It’s spring on the NEM, when daytime prices go negative and coal plants learn to dance

Sturt’s Desert Pea plants flower in front of solar panels at AGL’s Broken Hill solar plant. (Photo courtesy of AGL/ARENA.)

It’s spring time: The garden’s beautiful and wholesale electricity prices on Australia’s National Electricity Market are volatile.

Global Roam, via NEM Review, lets me look at the electricity market in glorious detail. It shows generation, FCAS, demand price by region and by half hour. Its an endless treasure trove for an analyst.

Yes, there are better and more important things to do, but any analyst worth their salt loves to look at the freshest data. And, as ridiculous as it sounds, watching the little worm move on your favourite graph over months and years is an actual pleasure. Almost like reading a top Joe Aston column.

So what’s up in Spring 2021?

Figure 1 shows the daily shape of electricity prices in the past 14 days in Queensland and Victoria.

Figure 1 Average electricity prices 2 weeks to  Sep22. Source: NEM Review
Figure 1 Average electricity prices 2 weeks to  Sep22. Source: NEM Review

The average wholesale price for Queensland is $47/MWh and for Victoria it is $25/MWh. The interesting thing to me is that Victorian prices are lower than Queensland, despite having less of the midday solar impact.

Essentially, Victorian generation has less pricing power in the peak demand time of day. The reasons for this are interesting and merit a longer discussion than I have time for here.

The next point is that prices are consistently negative in the middle of the day. Consistently. And there is every likelihood this will become more pronounced out to the end of November and more pronounced next year.

Except they won’t. That’s because prices are self correcting. Negative prices are a dirty big price signal. And history proves that someone won’t be able to resist that juicy, juicy apple.

They will bite into its sweet taste – most likely with storage – and eventually prices will go up again. That’s for the future. Right now we can look at the spreads on offer.

Here at ITK we are fascinated by spreads of all sorts, but particularly pool prices spreads and how they change over the seasons. It’s simple to calculate: just subtract the lowest price from the highest to get the best half hourly spread, the highest two from the lowest two for the 1 hour spread, and so on. It assumes perfect foresight, and a 100% round trip efficiency, and no impact from market actors.

Figure 2 Highest – lowest price for given time frame. Source: NEM Review
Figure 2 Highest – lowest price for given time frame. Source: NEM Review

Queensland has a good spread right now. A spread of more than $100 for many hours clearly is something a battery can make money out of. I’d like to be talking about Doosan Tech and the Vena Big Battery as the new brand on the street, but that to will have to wait.

So, turning to the negative side of things, how does coal go in such market conditions?

Well, clearly it’s having to ramp up and down, and I include NSW here because right now NSW is the ramp champ.

Figure 3 Coal  generation last two weeks: Source: NEM Review
Figure 3 Coal  generation last two weeks: Source: NEM Review

To put the picture into words via a table, and only my fellow analysts will appreciate the beauty of a good table … the message in a bottle, so to speak.

Figure 4 Coal generation ramping, Spring 2021. Source: NEM Review
Figure 4 Coal generation ramping, Spring 2021. Source: NEM Review

Victorian coal is already ramping more than it probably wants to. Next time round I’ll check the individual units, I have my guesses as to which ones but not the time to confirm.

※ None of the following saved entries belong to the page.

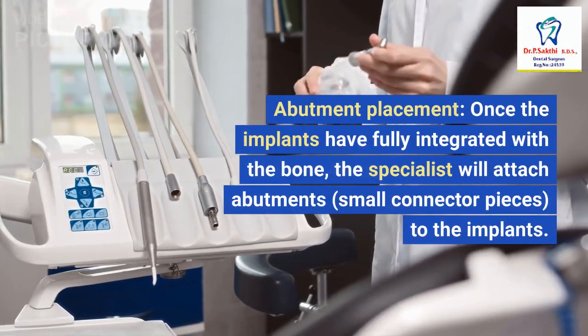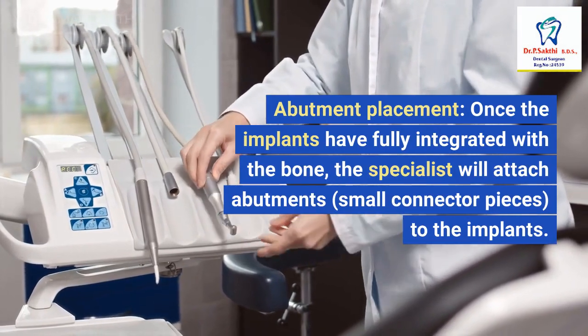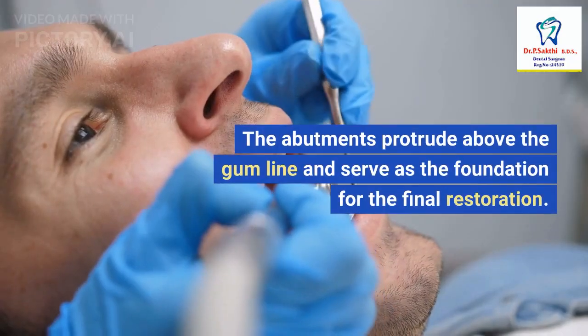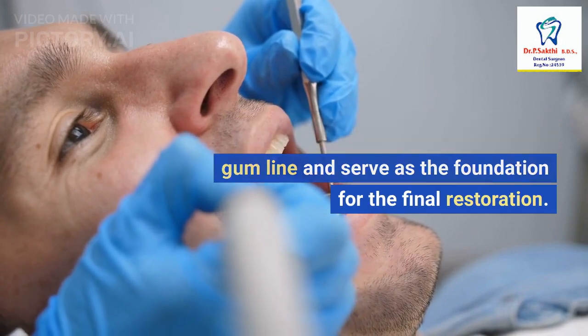5. Abutment Placement: Once the implants have fully integrated with the bone, the specialist will attach abutments — small connector pieces — to the implants. The abutments protrude above the gum line and serve as the foundation for the final restoration.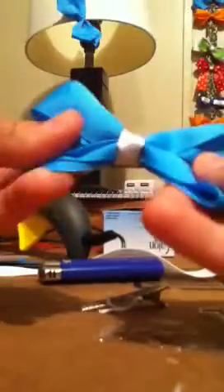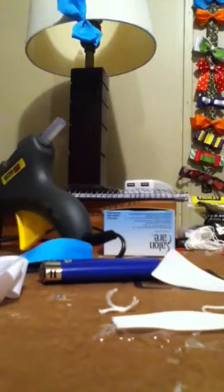I'm going to show you how to make a boutique style bow and a tuxedo bow. You'll need two alligator clips, your ribbon, scissors, and your glue stick.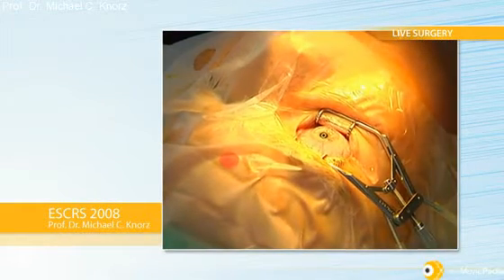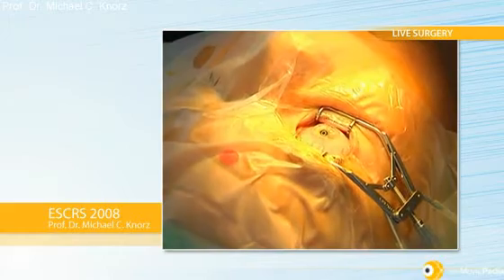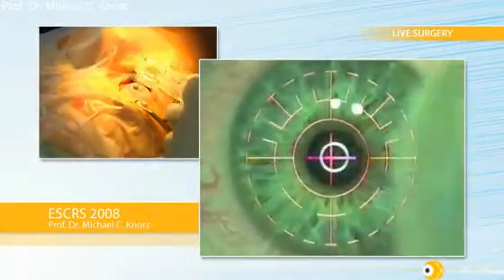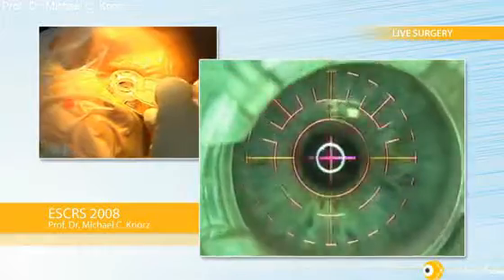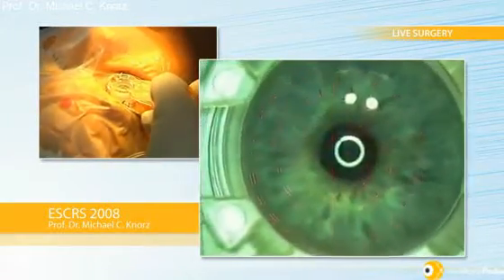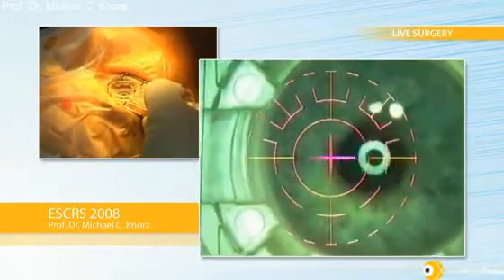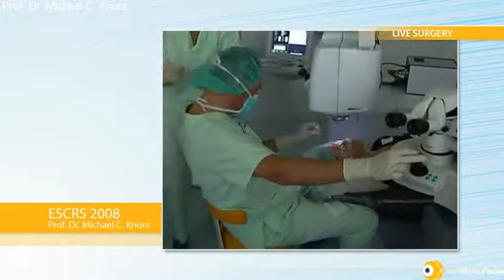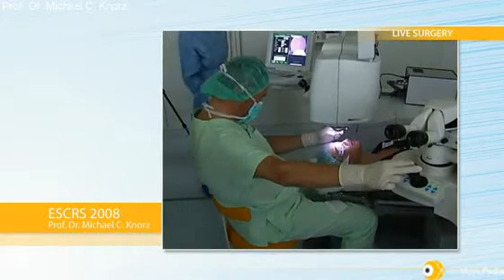Next I will place the suction ring. I like to do this under the Visex laser as well. I depress the syringe to four only, to avoid too much suction. I center around the pupil, press on the eye, and slowly release the plunger to avoid a very sudden increase of suction, which may cause some damage through the vitreous base.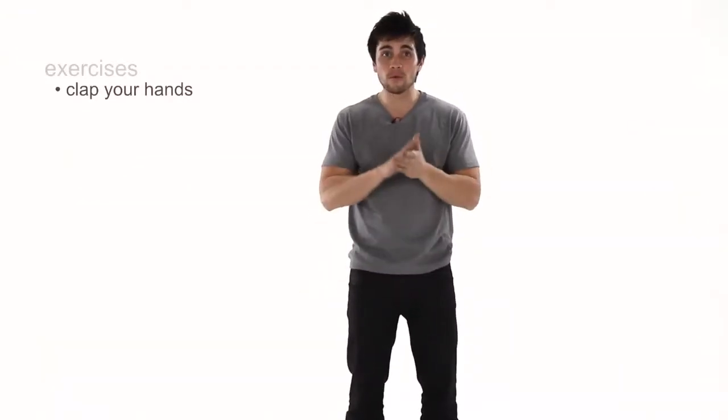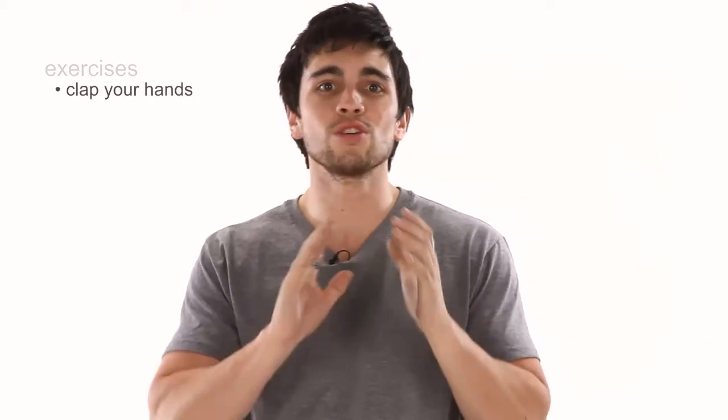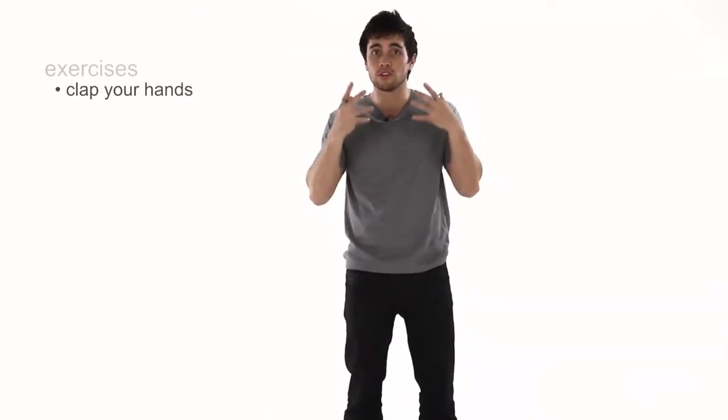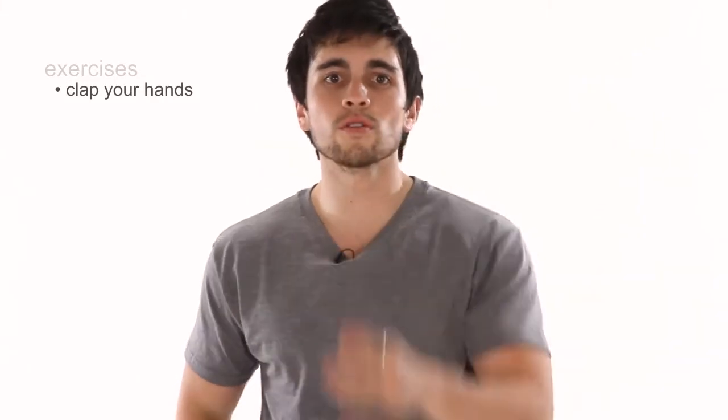The main reason why clapping will improve your sense of rhythm is because it uses a different part of your body — your hands — instead of just using your mouth to sing. If you can learn to coordinate your clapping while you sing, clapping the rhythm of the song you're singing, you'll find your sense of rhythm improves tremendously.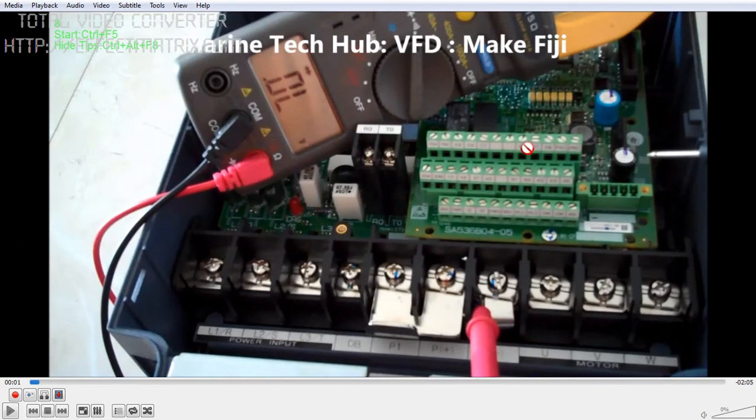You can see in this picture these are the control systems where you can feed in voltage or milliamps, and this is the terminal for the encoder. We have the input here — L1, L2, and L3 — this is the three-phase line input, and this is the output to the motor: U, V, W.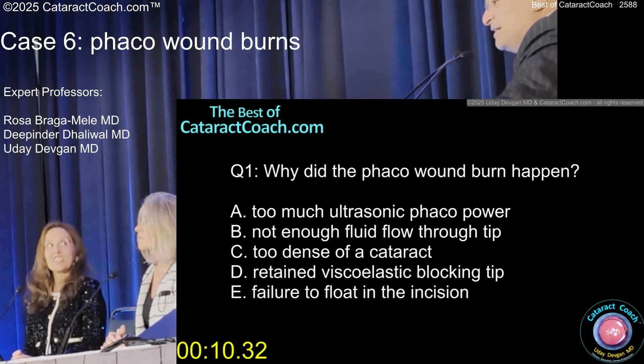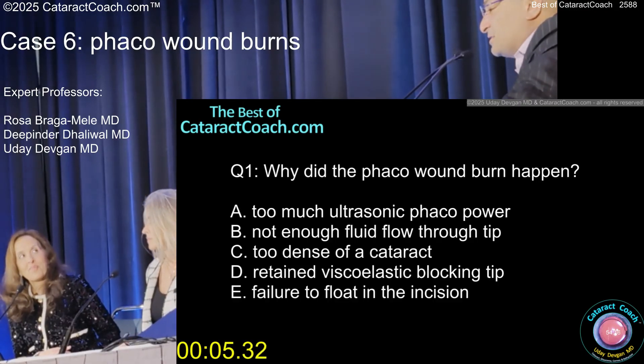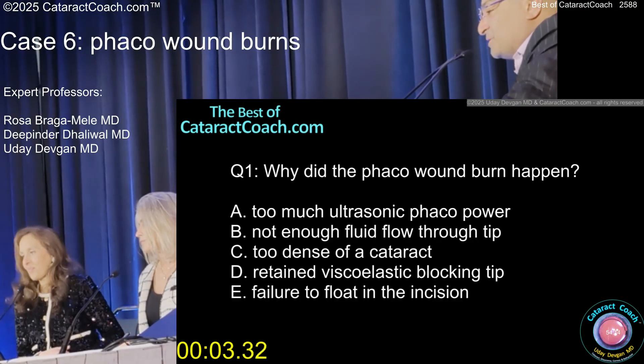Once that happens, you're done. The problem is it's going to leak the whole case. Don't try to recycle and use that incision again — it's just going to leak, leak, leak. You need to abandon it and do something else.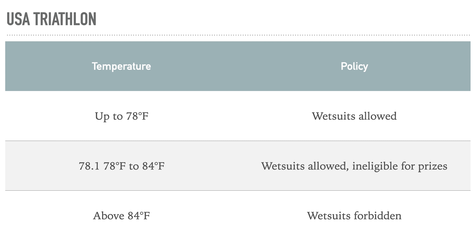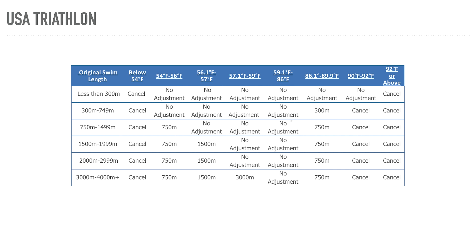Generally, anything below 78 degrees Fahrenheit you can wear a wetsuit in USA Triathlon. Up to 84 degrees Fahrenheit you can still wear one, but it'll make you ineligible for winning your age group. USA Triathlon also has rules about shortening the swim within certain temperatures. So that's the regulatory landscape — now let's look at what we can do about cold water.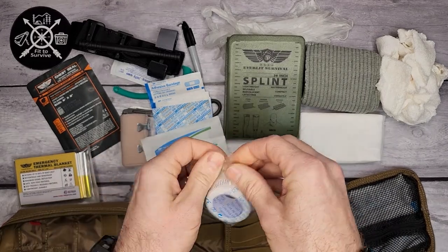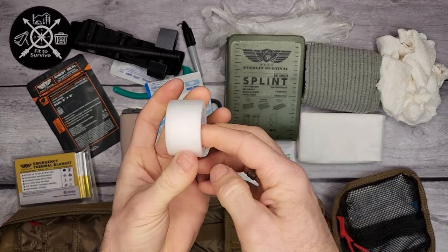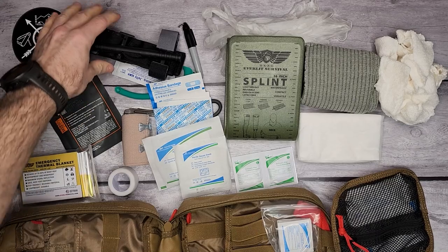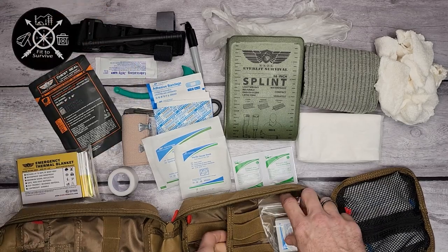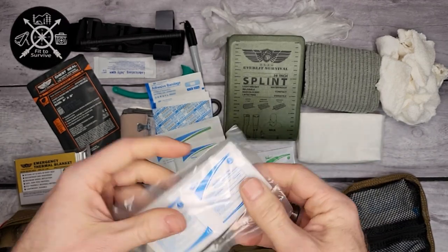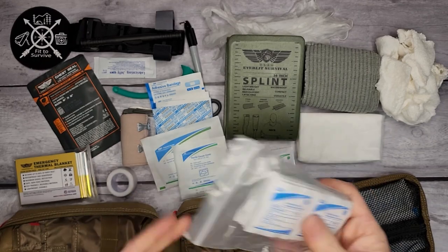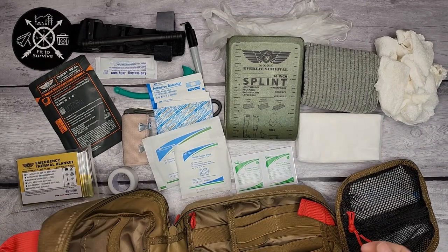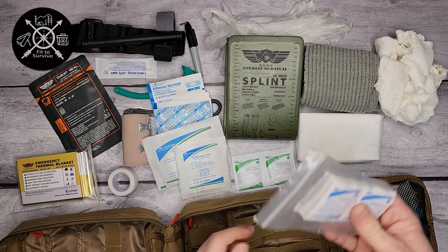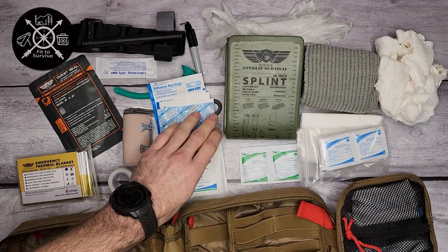There's some standard medical tape — pretty self-explanatory. Then a whole bunch of alcohol prep pads. These are good for getting things sterile and ready, because the last thing you want with any wound is an infection. That's going to help you get things cleaned up so you don't have to worry about infection later on.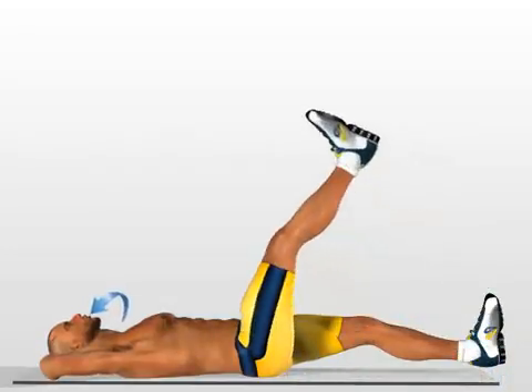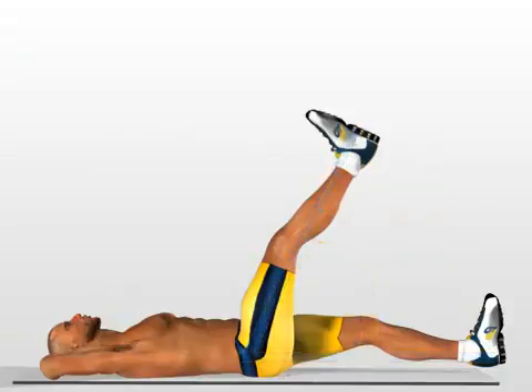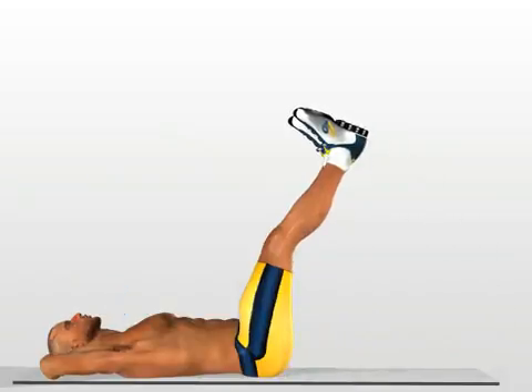Breathing in, lift up the first leg until you form an angle of about 75 degrees, contracting your stomach as you do so. Breathe out when your leg is in a vertical position. Perform the same movement for the other leg.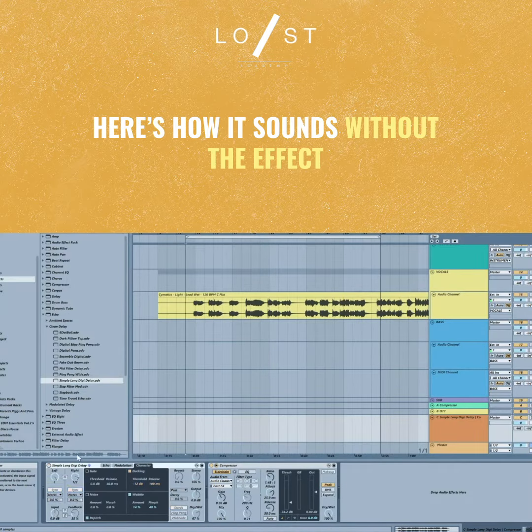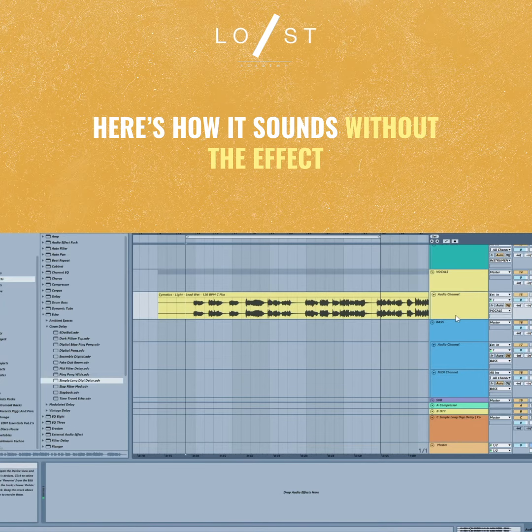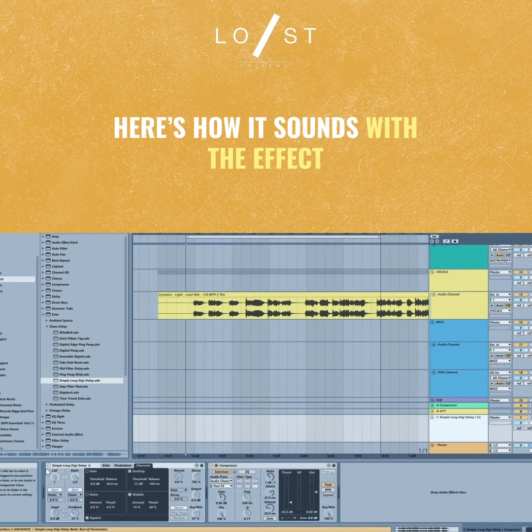So we're going to take a listen without it first. Okay, with it turned on you can hear a big difference here.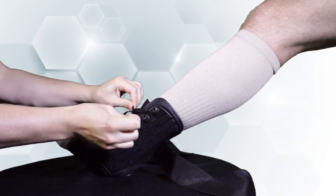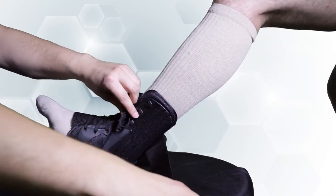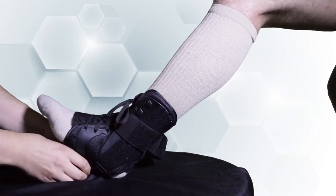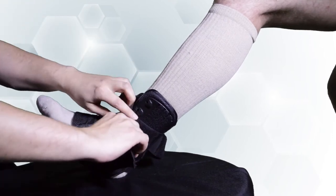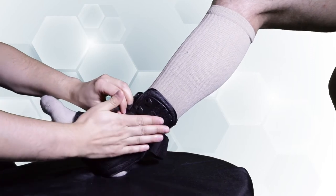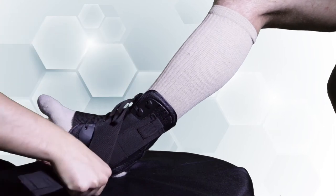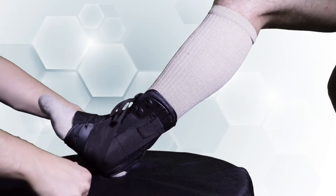After the support has been laced up and tied, take one of the crisscrossing straps and pass it over the instep and then underneath the arch of the foot and fasten it on the other side. Repeat the process with the other strap. This creates a crisscross or figure eight system that provides support and stability by limiting joint movement.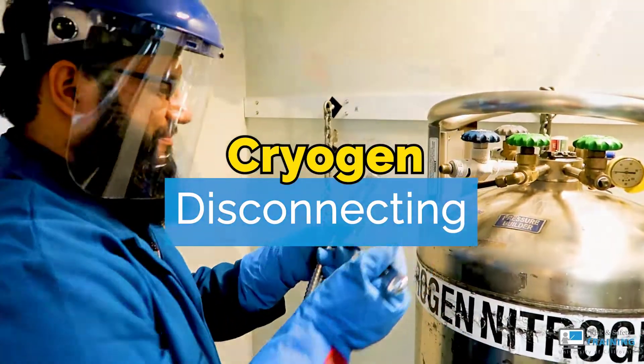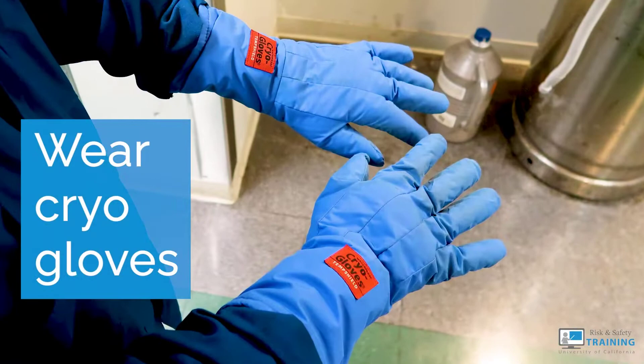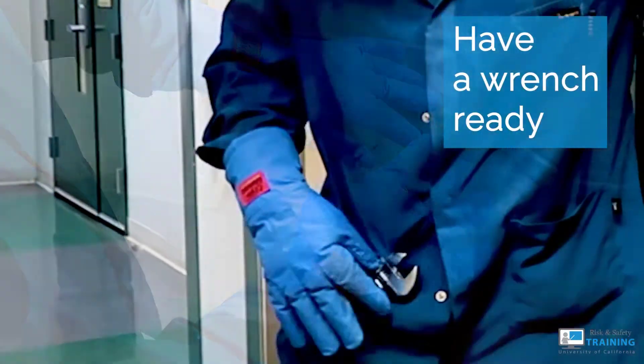When disconnecting a transfer hose from a liquid nitrogen source, make sure you're wearing cryogenic gloves and have a wrench ready.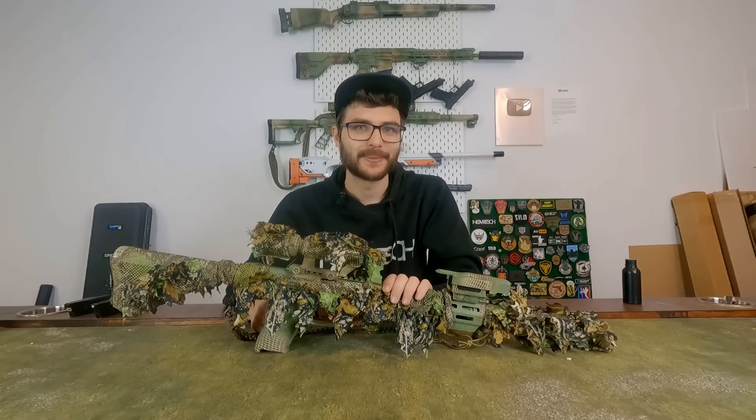I hope you enjoyed this video. Let me know in the comments how you run your SSX 303. My name is Fabi and I'll see you guys on the next one.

NSW coal is going down to 60% of its peak every day. For NSW units and the system in general this has to increase wear and tear.

Sure, the NSW ones have governors and auxiliaries that make this achievable, but is it great for the life of the generators? Will boilers be more subject to fatigue?

I am guessing so, but better to ask a thermo dynamic specialist. Also, I have to imagine that efficiency at the low end of the operating range is not all that good.

But there are also big bad revenue implications. In general, total costs of brown coal generators are probably over $25/MWh (that is fixed operating costs, maintenance capex and implied finance costs, although the finance costs don’t go away even if you close, and you bring forward remediation).

The NSW 6300 kcal coal cost is around a record A$240/t. No NSW generator actually pays that, because they burn lower quality coal and have contracts, although some are only short term.

But if a NSW generator had to buy at spot, the implied cost works out to about $86/MWh. And, again, if we chase a rat up a drainpipe, this is ultimately why China’s coal generation is screwed. But let’s not chase the rat.

The point, and not being a Barnaby, there is one: In the two weeks covered about 11,000MW of coal is earning negative pool revenue between 10:00 AM and 1:30 PM.

They make up for that by running harder during peak times at peak prices, so coal generation gets close to average pool prices, but it isn’t much fun consistently running at a loss in the middle of the day.

David Leitch is a regular contributor to Renew Economy and co-host of the weekly Energy Insiders Podcast. He is principal at ITK, specialising in analysis of electricity, gas and decarbonisation drawn from 33 years experience in stockbroking research & analysis for UBS, JPMorgan and predecessor firms.